自分も車から下り、紗矢花の背中に声を掛けようとしたとき――斜め向かいのマンションの入口に誰かが現れ、ふと目が合った。

始め、陽介の姿かと思ったが、髪型が全然違う。

陽介よりも短めで、あいつの軽薄なイメージとはかけ離れた、爽やかな優等生という印象だった。


朝陽(あさひ)くん……」


目を見開いた紗矢花が小さくつぶやく。


「久しぶり、紗矢花」

「こんな所でどうしたの?」

「来週からここに住むことになったんだ」

「えっ、うちのアパートにすごく近いね」

「ほんと、俺も陽介から聞くまで、紗矢花がここに住んでるって知らなかった」


陽介とよく似た顔立ちの彼がそう返し、こちらへ視線をずらす。


「遼さん……でしたよね。

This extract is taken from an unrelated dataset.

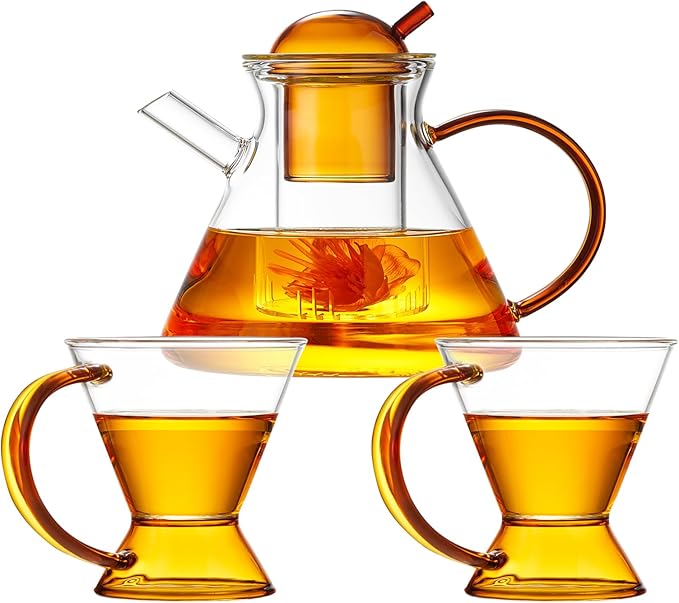 French Style Glass Teapot Set with 2 Glass Cups - Amber Borosilicate Teapot with Glass Filter, 12 Filter Gaps, Transparent Design - Bloomnest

いつも兄がお世話になっています」


陽介の口から出たとしたら鳥肌の立つような台詞を爽やかに言ってのけ、彼は静かに頭を下げた。


「……いえ、こちらこそ」


陽介の大学の学祭で一度見かけたことがあるから、それで自分の顔と名前を覚えていたのか。


「紗矢花の彼氏?」


朝陽は首を傾げて紗矢花に聞く。